A dozen coarse tales drenched in criminals, drugs and hard crime.
San Francisco–native Hallford (Upper Noe, 2006) continues to write California-based fiction with this collection of bleak tales. Hardscrabble characters and their messy lives are the focus: Two young drug dealers in the title story allow a girl to come between their decades-long friendship with deadly consequences, while the pretty, barely legal stripper in “Lap Dancing” moonlights by delivering packages for the lucrative drug mule operation run by her convict boyfriend. As in his former works, Hallford excels at characterization, and this acumen propels pages of raw dialogue and menacing subject matter.
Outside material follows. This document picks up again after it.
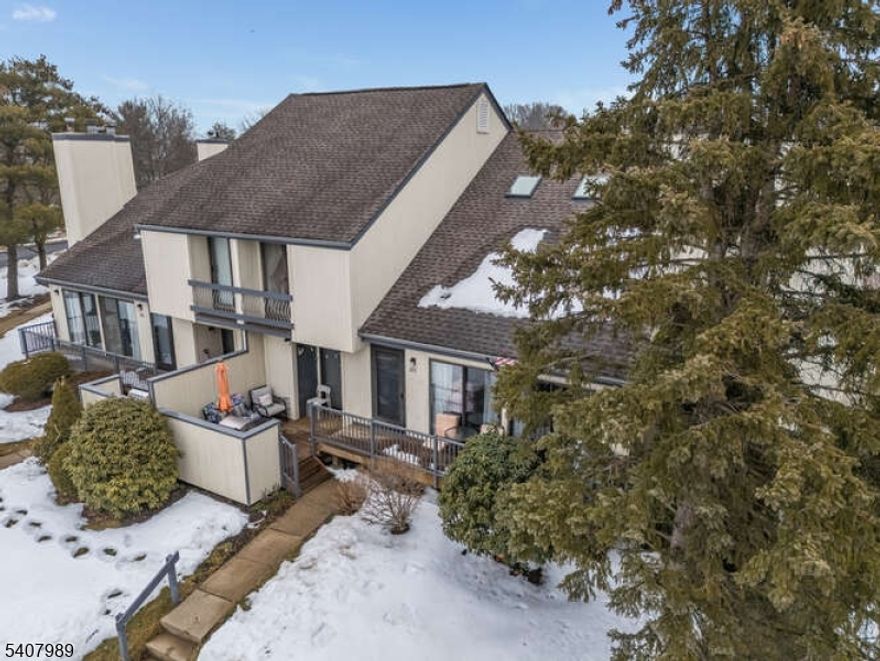 WELCOME TO THIS BEAUTIFULLY UPDATED 2 BED, 2.5 BATH MULTI-LEVEL TOWNHOUSE FEATURING A LIGHT-FILLED OPEN CONCEPT LAYOUT IN THE CEDARS, ONE OF BASKING RIDGE'S MOST SOUGHT-AFTER COMMUNITIES. THE HEART OF THE HOME IS THE EXPANSIVE LIVING ROOM, WHERE SOARING VAULTED CEILINGS AND A DRAMATIC WALL OF WINDOWS CREATE AN AIRY, OPEN ATMOSPHERE. A COZY WOOD-BURNING FIREPLACE SERVES AS THE FOCAL POINT, WHILE SLIDING GLASS DOORS LEAD TO A PRIVATE, SPACIOUS DECK. NOTABLY, THIS OUTDOOR RETREAT FEATURES A RARE NATURAL GAS LINE THAT HOOKS DIRECTLY INTO YOUR GRILL. THE SEAMLESS FLOW CONTINUES INTO THE FORMAL DINING ROOM. THE KITCHEN HAS BEEN TASTEFULLY UPDATED WITH A FULL SUITE OF PREMIUM STAINLESS STEEL APPLIANCES AND FEATURES AMPLE CABINETRY, A LARGE PANTRY, A SPACIOUS EAT-IN AREA, AND ACCESS TO THE UNIT'S ATTACHED GARAGE. THE SECOND LEVEL IS DESIGNED WITH PRIVACY IN MIND; BOTH BEDROOMS FEATURE GENEROUS CLOSETS AND PRIVATE BATHROOMS. THE PRIMARY SUITE'S BATHROOM HAS BEEN COMPLETELY RENOVATED AND FEATURES A HIGH-END SHOWER. A STANDOUT FEATURE IS THE VERSATILE BONUS LOFT, ILLUMINATED BY SKYLIGHTS AND OPEN TO THE LIVING ROOM BELOW. A BEAUTIFULLY FINISHED BASEMENT EXPANDS THE LIVING SPACE, PROVIDING THE PERFECT OPPORTUNITY FOR A HOME OFFICE OR RECREATION. RESIDENTS ENJOY PREMIUM COMMUNITY AMENITIES, INCLUDING A POOL, TENNIS COURTS, PLAYGROUND, AND CLUBHOUSE. SITUATED IN THE PRESTIGIOUS BERNARDS TOWNSHIP SCHOOL DISTRICT, THIS HOME IS A COMMUTER'S DREAM, LOCATED JUST MINUTES FROM RT-78 AND RT-287.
His stories are populated by pedophilic reverends, abusive husbands, angry jailbirds and folks who just seem to attract danger, like Maurice, a California newcomer in the standout piece, “Tumble Down,” whose new life becomes a deadly mess in a matter of days. Less successful is the story “Letters from Duke and Michelle,” which is comprised of listless, expletive-laden epistolary exchanges. There are also a few scattered sequences in which the author’s prose becomes overly melodramatic and convoluted; this is exemplified in “Light, Bountiful Light,” when a prison inmate reflects: “Instinct had guided him and the awareness of existence had not existed at all but was an indistinguishable pinhole of light so tiny it became unimaginable.” Atmospheric and relentlessly stark, Hallford’s prose presents a parade of downtrodden characters stomping through Sacramento, Oakland and San Francisco’s popular Mission, Fillmore and Bayview districts with ice in their hearts. There’s just enough intrigue here to keep readers titillated, but the author only scrapes at the surface of the trouble and tension his bold characters ignite.
An uneven collection with untapped potential—but by no means dry or dull.